日韓、それぞれの戦争映画

日本映画は平山秀幸監督の「太平洋の奇跡−フォックスと呼ばれた男」、韓国映画は「私の頭の中の消しゴム」のイ・ジェハン監督の「戦火の中へ」と奇しくも同時期の公開となり、日韓それぞれの戦争映画を見ることが出来た。「太平洋〜」は文字どおり太平洋戦争、「戦火」は朝鮮戦争が題材となっている。

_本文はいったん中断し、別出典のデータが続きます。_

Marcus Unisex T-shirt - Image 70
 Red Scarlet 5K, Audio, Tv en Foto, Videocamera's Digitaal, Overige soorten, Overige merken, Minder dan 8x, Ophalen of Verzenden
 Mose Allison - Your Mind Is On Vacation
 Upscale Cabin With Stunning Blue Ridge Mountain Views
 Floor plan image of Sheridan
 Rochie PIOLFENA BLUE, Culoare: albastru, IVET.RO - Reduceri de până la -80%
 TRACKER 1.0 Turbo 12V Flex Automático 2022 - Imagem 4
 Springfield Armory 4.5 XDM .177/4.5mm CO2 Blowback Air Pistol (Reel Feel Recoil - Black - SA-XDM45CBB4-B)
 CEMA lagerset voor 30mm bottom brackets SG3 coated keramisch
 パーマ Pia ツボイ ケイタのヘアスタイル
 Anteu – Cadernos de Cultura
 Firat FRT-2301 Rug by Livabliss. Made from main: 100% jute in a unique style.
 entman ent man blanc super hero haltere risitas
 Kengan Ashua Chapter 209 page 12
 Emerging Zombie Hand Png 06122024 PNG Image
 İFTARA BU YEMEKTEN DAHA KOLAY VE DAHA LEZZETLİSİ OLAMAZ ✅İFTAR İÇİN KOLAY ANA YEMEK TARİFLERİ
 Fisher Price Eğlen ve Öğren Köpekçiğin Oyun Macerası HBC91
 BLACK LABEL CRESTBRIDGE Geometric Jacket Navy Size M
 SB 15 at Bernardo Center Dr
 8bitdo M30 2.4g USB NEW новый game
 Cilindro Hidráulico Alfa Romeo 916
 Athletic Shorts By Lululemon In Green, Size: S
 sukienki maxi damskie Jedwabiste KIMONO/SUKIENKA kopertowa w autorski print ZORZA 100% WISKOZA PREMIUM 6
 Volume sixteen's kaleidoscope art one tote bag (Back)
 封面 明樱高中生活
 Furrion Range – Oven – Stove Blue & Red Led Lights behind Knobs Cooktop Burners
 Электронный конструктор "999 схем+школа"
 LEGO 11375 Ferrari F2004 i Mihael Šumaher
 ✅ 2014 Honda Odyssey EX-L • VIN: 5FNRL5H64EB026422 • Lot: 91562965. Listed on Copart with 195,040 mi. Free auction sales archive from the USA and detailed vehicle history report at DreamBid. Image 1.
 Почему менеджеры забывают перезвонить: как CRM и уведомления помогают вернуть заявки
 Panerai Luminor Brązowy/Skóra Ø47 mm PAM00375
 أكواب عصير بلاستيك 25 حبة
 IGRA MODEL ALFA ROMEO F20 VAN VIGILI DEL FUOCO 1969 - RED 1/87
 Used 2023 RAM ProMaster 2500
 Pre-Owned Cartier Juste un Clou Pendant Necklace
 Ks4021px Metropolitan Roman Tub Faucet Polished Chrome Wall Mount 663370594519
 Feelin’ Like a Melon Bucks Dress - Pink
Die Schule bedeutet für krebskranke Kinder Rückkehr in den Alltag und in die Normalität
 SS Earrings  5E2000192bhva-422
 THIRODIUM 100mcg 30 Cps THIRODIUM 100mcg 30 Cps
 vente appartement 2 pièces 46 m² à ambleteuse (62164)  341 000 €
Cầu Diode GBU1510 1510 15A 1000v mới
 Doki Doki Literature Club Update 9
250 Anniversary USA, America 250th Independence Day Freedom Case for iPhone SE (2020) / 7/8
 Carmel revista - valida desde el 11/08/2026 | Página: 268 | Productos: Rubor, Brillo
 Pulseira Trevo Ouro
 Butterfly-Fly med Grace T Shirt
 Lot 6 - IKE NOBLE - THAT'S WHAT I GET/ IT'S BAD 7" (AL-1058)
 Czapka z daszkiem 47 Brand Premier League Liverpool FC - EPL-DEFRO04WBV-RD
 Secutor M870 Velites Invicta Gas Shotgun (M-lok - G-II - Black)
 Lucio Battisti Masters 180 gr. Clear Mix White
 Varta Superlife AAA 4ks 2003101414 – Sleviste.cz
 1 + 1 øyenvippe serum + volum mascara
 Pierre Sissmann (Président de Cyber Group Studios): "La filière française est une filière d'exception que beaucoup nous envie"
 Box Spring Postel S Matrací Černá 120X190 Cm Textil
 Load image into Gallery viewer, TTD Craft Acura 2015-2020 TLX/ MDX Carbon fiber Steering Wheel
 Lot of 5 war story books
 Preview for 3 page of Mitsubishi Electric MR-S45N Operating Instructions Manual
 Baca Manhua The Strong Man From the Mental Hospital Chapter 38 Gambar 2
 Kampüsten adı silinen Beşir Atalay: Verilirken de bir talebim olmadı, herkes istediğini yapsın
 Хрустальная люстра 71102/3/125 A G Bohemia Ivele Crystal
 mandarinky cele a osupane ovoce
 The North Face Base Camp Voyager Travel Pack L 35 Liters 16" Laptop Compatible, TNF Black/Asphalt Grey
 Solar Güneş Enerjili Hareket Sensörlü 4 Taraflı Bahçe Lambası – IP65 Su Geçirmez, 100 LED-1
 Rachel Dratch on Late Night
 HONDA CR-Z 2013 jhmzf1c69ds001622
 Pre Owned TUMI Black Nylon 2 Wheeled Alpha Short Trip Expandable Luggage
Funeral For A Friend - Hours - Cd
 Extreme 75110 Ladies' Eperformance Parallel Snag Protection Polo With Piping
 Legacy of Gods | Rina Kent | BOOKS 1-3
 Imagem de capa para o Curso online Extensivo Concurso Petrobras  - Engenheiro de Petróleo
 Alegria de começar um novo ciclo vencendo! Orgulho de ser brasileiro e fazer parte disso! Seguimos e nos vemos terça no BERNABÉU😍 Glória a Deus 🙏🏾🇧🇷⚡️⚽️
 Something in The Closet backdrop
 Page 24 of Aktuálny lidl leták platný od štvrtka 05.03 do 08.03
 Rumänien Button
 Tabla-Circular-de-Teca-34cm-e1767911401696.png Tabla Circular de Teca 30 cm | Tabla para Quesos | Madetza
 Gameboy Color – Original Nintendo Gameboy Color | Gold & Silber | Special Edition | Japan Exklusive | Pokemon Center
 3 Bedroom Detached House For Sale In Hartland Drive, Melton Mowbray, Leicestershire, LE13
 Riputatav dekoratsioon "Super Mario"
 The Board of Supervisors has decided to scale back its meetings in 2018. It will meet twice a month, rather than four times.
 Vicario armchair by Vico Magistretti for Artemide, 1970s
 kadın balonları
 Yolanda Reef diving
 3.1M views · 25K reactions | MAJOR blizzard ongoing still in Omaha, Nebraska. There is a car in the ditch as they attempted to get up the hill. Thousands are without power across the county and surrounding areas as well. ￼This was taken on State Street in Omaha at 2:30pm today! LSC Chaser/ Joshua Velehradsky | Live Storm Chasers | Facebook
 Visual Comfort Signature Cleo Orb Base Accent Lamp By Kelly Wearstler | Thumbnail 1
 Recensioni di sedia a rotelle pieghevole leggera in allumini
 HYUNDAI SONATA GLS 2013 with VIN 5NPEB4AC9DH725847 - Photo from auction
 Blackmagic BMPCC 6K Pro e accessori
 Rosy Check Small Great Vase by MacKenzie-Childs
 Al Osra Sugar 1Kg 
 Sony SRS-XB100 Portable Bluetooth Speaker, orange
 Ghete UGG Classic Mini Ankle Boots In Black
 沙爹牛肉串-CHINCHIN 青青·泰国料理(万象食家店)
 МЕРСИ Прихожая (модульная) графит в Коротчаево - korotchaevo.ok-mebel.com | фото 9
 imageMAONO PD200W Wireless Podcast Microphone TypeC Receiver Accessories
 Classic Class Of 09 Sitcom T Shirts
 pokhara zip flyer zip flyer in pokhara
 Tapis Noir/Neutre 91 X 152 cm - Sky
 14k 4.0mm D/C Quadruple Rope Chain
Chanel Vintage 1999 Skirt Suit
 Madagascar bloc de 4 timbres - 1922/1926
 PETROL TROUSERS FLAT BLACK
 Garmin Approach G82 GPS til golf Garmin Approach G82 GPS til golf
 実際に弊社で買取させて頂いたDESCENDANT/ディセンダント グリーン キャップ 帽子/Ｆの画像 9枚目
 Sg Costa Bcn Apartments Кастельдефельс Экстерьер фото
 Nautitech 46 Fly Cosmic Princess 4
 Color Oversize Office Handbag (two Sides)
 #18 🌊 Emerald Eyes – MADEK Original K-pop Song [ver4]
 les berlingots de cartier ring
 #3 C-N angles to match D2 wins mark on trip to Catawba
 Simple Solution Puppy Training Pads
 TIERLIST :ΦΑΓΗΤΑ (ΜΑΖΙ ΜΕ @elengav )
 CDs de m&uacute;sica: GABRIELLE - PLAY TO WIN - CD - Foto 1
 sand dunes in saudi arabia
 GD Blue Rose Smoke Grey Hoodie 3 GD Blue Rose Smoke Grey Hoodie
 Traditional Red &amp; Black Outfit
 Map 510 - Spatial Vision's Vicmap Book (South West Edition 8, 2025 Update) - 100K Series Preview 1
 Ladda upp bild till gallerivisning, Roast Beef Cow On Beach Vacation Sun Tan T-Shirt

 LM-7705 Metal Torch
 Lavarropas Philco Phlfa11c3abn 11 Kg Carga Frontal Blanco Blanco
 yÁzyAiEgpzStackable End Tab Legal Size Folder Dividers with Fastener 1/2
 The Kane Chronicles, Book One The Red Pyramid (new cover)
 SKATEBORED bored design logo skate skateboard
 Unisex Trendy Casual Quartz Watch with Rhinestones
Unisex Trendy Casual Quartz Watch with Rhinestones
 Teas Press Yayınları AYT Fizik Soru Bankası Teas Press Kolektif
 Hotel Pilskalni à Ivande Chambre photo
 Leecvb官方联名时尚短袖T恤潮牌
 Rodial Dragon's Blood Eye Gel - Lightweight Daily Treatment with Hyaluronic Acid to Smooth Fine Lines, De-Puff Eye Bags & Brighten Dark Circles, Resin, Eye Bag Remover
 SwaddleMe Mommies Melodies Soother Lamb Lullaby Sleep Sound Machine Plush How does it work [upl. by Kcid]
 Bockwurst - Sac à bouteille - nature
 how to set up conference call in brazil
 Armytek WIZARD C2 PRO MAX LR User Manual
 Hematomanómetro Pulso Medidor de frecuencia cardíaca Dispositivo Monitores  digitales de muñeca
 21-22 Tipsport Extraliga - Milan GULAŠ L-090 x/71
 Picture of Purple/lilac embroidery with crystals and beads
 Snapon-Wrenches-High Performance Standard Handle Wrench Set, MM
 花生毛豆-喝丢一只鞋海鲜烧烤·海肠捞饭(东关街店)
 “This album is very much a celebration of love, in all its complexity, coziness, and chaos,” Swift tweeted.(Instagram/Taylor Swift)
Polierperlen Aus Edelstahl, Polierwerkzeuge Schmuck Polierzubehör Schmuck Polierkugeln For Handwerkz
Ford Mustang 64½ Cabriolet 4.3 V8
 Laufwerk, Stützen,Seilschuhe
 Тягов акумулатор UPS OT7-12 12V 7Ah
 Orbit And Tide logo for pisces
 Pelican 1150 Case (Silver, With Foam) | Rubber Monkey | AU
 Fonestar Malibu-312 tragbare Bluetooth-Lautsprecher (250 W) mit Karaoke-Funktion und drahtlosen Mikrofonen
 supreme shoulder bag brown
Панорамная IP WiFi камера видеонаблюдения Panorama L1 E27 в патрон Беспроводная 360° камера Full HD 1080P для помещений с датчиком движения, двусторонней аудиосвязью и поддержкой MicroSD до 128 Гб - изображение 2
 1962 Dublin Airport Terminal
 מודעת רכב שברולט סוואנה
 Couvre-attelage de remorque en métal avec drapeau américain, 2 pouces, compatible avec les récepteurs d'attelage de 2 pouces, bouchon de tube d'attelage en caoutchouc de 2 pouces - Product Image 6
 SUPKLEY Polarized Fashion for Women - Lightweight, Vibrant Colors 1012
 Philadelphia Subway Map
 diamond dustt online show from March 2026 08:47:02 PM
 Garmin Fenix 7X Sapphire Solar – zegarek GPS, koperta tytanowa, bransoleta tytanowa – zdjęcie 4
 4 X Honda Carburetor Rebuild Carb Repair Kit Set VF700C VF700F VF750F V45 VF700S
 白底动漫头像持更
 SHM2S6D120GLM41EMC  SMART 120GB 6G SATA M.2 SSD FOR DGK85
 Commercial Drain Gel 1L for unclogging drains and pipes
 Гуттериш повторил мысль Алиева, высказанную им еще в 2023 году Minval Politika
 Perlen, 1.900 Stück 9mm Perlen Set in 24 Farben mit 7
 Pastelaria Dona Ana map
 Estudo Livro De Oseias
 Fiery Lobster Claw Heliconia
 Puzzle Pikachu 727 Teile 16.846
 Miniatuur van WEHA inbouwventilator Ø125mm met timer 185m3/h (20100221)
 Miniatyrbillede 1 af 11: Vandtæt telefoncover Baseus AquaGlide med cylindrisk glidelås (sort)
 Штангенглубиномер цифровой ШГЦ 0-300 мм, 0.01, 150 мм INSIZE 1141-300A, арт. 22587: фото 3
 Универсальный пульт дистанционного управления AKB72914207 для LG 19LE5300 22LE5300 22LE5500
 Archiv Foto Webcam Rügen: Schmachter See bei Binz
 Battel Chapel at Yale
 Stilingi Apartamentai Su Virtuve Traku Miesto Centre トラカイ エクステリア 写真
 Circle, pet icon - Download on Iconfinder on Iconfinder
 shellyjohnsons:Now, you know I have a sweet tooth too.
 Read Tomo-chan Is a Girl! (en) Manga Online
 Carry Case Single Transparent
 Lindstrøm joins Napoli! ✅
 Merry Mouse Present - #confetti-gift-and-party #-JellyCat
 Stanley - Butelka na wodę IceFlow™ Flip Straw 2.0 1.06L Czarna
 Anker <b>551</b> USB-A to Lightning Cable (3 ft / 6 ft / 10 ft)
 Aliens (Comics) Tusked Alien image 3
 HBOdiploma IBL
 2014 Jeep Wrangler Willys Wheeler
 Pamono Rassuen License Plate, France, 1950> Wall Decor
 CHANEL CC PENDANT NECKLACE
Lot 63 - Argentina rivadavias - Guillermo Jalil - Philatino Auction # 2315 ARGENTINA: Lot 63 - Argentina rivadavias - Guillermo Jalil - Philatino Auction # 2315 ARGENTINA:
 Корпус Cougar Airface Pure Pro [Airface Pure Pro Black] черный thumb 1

共通して言えることは、敗戦の瞬間と全滅(全員戦死ではないが)の瞬間を描いているところだ。「太平洋〜」は敗戦濃厚な南方戦線で、アメリカ軍に対し必死に抵抗を繰り広げる小隊と、それを指揮する隊長の物語。終戦を迎えていながら、負けを認めず降伏を受け入れない兵隊たちと、現実の敗戦の間で苦しむ。どう尊厳を持ちながら降伏を受け入れるかが、ラストの見せ場。

「戦火」は北朝鮮の猛攻に対し、劣勢に立たされた韓国軍の最後の兵隊、学徒兵71名全滅という衝撃の史実の物語。学徒出陣映画といえば、日本では岡本喜八監督の「英霊たちの応援歌」(この映画、もっと評価されていいと思う!)をはじめ数多くあるが、同じような(韓国は高校生のようだ)ことが朝鮮戦争であったことを初めて知った。そう、直接的に日本が関わったわけではない戦争のため(もっと知らなければいけないのだが)無知な部分が多い。

実は朝鮮戦争を教わったのはアメリカ映画から(中身ではなく、そこに戦争が起こったという事実)。ピーター・ボグダノヴィッチ監督の「ラストショー」だった。「アメリカン・グラフィティ」が明日ベトナムへ行く若者たちの一夜の物語のように、「ラスト〜」も明日、朝鮮戦争へ行く若者たちの青春だ。その町の映画館の最後の上映「赤い河」が失われゆく平和なアメリカの象徴として登場する。また近年ではイーストウッドの「グラントリノ」の主人公コワルスキーは朝鮮戦争(その後ベトナムも)へ行き、アジア人と戦争してきた男としてリアルに描かれていて、記憶に新しい。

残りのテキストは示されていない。